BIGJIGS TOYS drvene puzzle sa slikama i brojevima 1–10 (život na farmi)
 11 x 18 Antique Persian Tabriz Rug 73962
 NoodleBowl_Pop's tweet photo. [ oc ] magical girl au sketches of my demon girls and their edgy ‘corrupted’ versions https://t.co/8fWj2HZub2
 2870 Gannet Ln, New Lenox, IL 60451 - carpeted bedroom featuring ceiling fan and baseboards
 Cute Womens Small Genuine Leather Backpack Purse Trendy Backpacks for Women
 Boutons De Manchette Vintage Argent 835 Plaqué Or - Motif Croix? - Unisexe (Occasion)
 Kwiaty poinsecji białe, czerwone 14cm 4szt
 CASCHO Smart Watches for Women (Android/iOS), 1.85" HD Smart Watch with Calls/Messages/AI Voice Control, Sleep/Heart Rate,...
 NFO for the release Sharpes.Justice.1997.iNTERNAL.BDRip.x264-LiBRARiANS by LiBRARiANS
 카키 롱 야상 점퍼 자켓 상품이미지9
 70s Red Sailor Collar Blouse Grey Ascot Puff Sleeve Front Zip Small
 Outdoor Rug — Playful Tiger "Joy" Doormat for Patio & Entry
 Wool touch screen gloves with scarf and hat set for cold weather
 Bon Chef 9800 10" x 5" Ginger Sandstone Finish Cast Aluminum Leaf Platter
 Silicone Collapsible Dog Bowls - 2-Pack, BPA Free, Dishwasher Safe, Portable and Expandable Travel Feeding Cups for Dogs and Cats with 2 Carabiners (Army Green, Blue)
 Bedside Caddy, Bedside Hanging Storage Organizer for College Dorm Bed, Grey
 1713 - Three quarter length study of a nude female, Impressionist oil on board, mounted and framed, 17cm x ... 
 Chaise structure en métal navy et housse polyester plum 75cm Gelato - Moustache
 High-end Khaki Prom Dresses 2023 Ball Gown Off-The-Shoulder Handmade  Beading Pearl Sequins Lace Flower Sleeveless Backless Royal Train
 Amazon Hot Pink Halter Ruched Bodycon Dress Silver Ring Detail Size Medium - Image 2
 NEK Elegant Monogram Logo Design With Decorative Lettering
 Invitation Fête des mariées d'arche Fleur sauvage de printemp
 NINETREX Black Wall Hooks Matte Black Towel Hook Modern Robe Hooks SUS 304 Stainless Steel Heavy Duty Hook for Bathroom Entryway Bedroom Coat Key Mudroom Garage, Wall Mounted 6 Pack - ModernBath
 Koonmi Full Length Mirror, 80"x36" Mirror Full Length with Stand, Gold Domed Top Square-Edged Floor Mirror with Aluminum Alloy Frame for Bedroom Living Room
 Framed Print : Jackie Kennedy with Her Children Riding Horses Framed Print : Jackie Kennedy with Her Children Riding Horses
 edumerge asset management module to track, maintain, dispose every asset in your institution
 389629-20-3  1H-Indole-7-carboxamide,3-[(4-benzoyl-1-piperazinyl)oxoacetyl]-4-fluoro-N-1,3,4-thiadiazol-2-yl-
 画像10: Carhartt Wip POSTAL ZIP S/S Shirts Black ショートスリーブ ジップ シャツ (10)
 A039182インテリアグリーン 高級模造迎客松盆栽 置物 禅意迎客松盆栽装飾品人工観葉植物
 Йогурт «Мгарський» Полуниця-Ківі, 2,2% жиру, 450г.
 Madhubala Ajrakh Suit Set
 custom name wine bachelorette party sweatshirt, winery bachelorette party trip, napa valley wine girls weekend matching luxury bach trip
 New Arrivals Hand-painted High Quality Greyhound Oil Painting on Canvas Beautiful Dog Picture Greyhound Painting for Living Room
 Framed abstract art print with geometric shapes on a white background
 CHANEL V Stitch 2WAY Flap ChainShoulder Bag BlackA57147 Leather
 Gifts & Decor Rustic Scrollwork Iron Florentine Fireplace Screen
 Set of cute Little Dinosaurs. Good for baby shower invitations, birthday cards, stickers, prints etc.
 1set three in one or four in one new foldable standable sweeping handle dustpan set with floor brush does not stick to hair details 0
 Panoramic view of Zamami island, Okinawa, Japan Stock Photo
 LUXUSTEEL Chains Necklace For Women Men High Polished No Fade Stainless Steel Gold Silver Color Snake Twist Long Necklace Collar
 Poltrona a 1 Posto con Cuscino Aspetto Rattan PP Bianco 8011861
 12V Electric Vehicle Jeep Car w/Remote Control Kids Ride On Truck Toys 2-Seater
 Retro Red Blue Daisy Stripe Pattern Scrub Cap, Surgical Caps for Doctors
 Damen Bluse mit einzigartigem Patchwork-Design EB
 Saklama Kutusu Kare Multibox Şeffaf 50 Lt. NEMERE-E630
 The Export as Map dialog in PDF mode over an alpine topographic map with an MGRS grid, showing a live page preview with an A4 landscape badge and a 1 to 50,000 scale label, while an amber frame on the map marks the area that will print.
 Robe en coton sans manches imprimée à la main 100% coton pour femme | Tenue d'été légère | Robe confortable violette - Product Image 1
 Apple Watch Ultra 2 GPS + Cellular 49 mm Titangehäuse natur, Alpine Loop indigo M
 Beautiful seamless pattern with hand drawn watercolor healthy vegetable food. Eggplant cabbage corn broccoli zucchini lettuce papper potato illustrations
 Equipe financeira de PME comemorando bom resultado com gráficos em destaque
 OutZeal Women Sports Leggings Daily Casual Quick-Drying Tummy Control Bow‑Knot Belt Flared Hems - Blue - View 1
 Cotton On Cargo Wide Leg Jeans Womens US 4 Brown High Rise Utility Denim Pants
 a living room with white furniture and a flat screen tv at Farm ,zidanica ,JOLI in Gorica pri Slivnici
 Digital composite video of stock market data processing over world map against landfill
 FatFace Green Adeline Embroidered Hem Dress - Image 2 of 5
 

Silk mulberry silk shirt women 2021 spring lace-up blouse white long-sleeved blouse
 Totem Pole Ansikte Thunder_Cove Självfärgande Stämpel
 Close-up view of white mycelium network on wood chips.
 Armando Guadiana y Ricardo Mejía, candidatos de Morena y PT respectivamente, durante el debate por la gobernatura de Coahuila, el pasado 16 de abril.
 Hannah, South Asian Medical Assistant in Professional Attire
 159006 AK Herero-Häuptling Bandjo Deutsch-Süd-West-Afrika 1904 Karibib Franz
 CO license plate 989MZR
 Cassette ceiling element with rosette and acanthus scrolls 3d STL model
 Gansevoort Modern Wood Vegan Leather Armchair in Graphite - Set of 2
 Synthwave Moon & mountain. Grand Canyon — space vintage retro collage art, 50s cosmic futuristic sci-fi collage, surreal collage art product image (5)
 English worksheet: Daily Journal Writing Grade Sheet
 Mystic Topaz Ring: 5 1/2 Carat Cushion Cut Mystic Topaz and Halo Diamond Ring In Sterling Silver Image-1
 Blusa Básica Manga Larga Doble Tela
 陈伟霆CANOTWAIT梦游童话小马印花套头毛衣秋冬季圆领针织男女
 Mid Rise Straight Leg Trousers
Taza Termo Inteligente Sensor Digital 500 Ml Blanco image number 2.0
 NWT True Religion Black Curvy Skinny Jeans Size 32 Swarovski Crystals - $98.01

- - - -

_Task to carry out_
Above are the records; from them, give again exactly the lines from the one containing "Kwiaty poinsecji białe, czerwone 14cm 4szt" through the one containing "70s Red Sailor", both included.

_Output below_
 Kwiaty poinsecji białe, czerwone 14cm 4szt
 CASCHO Smart Watches for Women (Android/iOS), 1.85" HD Smart Watch with Calls/Messages/AI Voice Control, Sleep/Heart Rate,...
 NFO for the release Sharpes.Justice.1997.iNTERNAL.BDRip.x264-LiBRARiANS by LiBRARiANS
 카키 롱 야상 점퍼 자켓 상품이미지9
 70s Red Sailor Collar Blouse Grey Ascot Puff Sleeve Front Zip Small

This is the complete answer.